Value indicators for the Singapore stock market look good
19 July 2001
Yesterday, the Straits Times Index fell 10.96 points to 1627.82, its 11th loss in 13 days. This is just over 60 points -- and less than 4 percent -- above its lowest daily close this year of 1566.73.
The market has clearly been spooked by the poor trade data reported for June, which showed a year-on-year decline in non-oil domestic exports of 16.9 percent. Government and private economists now believe that the Singapore economy is likely to show very little growth -- if not an outright decline -- for 2001. The economy is not expected to recover until the fourth quarter of this year or even later. As a result, investors seem to be giving up hope of an early rebound in the stock market.
The problem, of course, is that one never knows exactly when the market will bottom. Very often, the stock market bottoms when the economic environment is still extremely gloomy. Therefore, the fact that the news in the economic front is currently unfavourable actually gives very little clue as to the direction of the market.
Long-term investors might be better off concentrating on the attractive valuations available in the Singapore stock market rather than the short-term direction of the economy. The Straits Times Index is currently trading at a P/E ratio of less than 12 and a dividend yield of more than 2.7 percent. The latter is higher than fixed deposit interest rates. A quarter of the STI component stocks are trading at single-digit P/E ratios. In contrast, the S&P 500 is trading at a P/E ratio of over 26 and a dividend yield of less than 1.3 percent.
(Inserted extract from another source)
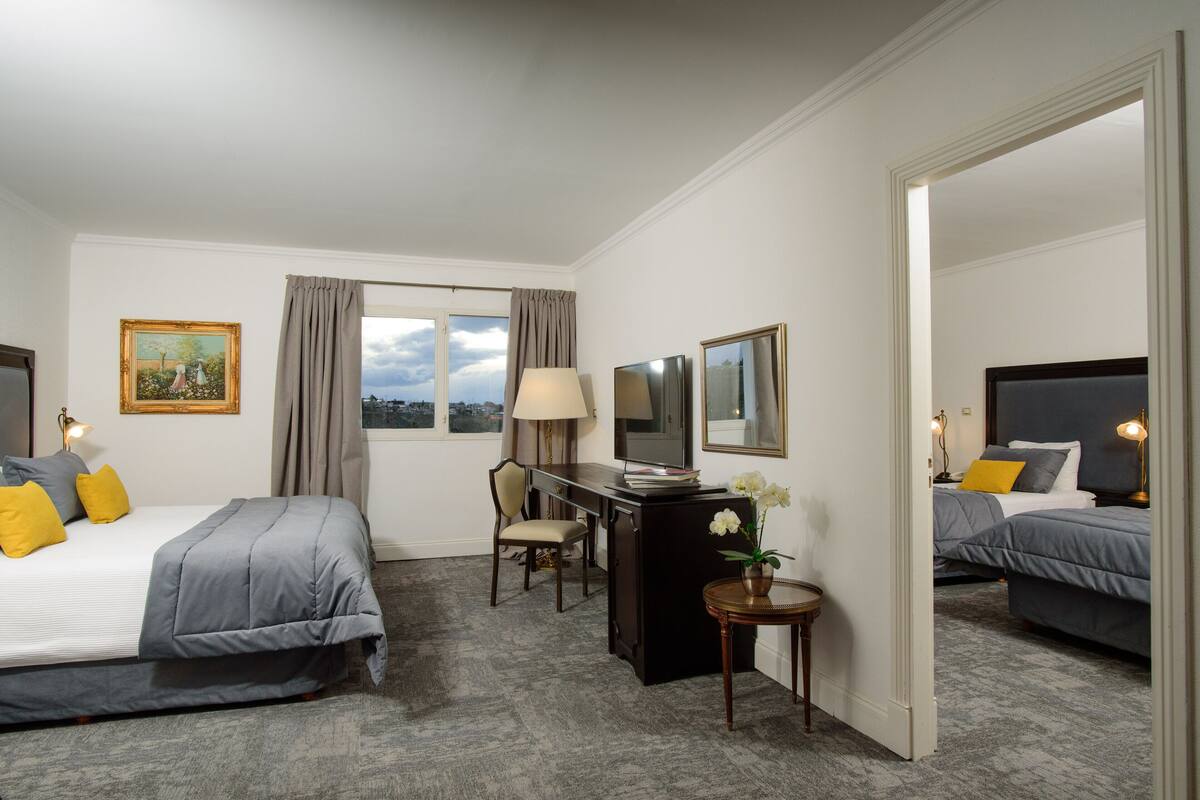 Family Junior Suite | Minibar, safe på rommet, skrivebord og wi-fi (inkludert)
In other words, the Singapore stock market is being valued at half the capitalisation rate of the US market.
A cheap market is not a guarantee of an imminent rebound. But then, in stock investment, looking for guarantees, especially over the short term, is somewhat of a fruitless exercise. Given time and patience, however, investing in the Singapore stock market now and holding for the next few years is likely to prove highly profitable.